The Court has already found that the Compensation Law does provide the applicant with an effective remedy in respect of his complaint concerning the alleged forced displacement, destruction of property and denial of access to his property. That finding is valid in the context of the complaint under Article 13 of the Convention.

It follows that this complaint is manifestly ill-founded and must be rejected in accordance with Article 35 §§ 3 and 4 of the Convention.

C.  Complaints under Articles 5, 6, 14 and 18 of the Convention

The applicant contended that he was deprived of his liberty and security in violation of Article 5 of the Convention and that his rights guaranteed under Articles 6 of the Convention had been breached on account of the refusal of the authorities to allow him to gain access to his property. He further complained under Article 18 of the Convention that the State did not take any effective measures in order to prevent violations of the rights as guaranteed under the Convention. Invoking Article 14 of the Convention, he alleged that he was discriminated on account of his Kurdish origin.
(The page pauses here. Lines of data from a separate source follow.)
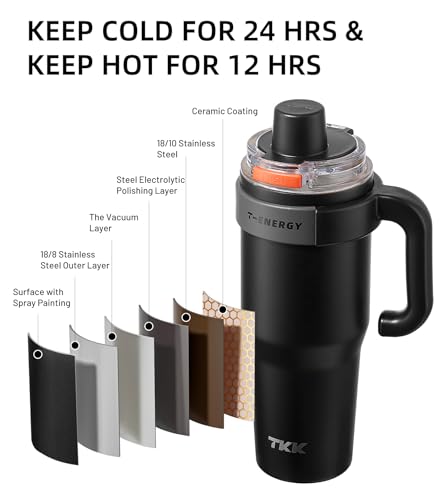 TKK 40 oz Insulated Tumblers with Handle and Straw, Stainless Steel Travel Mug with Ceramic Coating, Leak Proof Double Walled Iced Coffee Cup with Strainer for Hot & Cold Drinks, Black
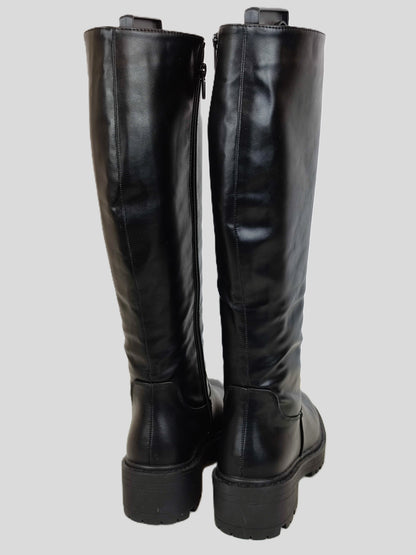New Look High Leg Stretch Chunky Boots-Black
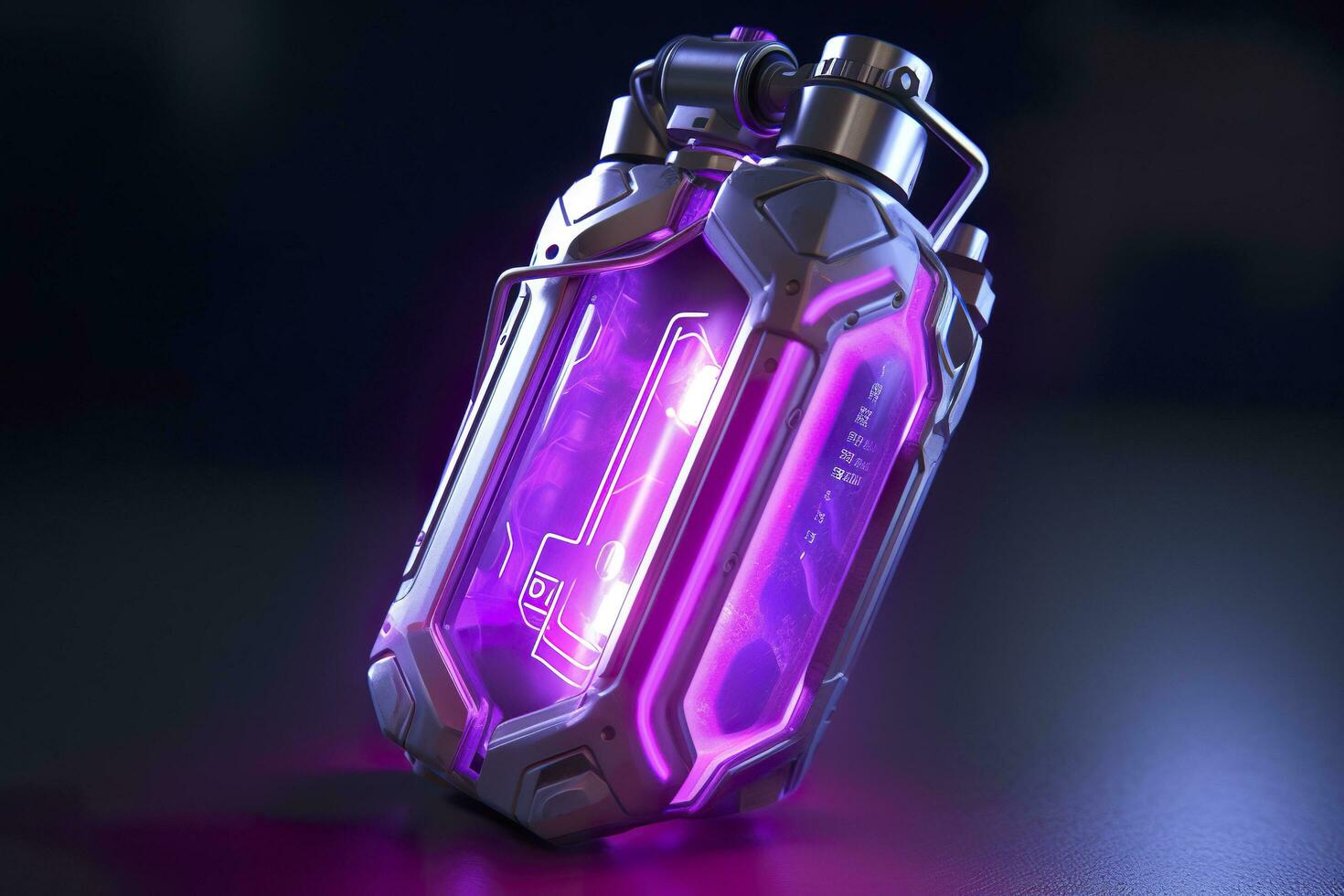 Purple Sci Fi Energy Flask with Pure Background. AI Generative photo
The Court notes that in its Doğan and Others v. Turkey pilot judgment (cited above, §§ 118-133) it has examined similar complaints raised under Articles 6 and 14 of the Convention and has found them unsubstantiated. It finds no particular circumstances in these cases which would require it to depart from its findings in the aforementioned case. It further notes that the applicant failed to substantiate his allegations under Article 5 and 18 of the Convention.

It follows that these complaints are manifestly ill-founded and must be rejected in accordance with Article 35 § 3 of the Convention.

Accordingly, The Court concludes that Article 29 § 3 of the Convention should no longer apply to the case.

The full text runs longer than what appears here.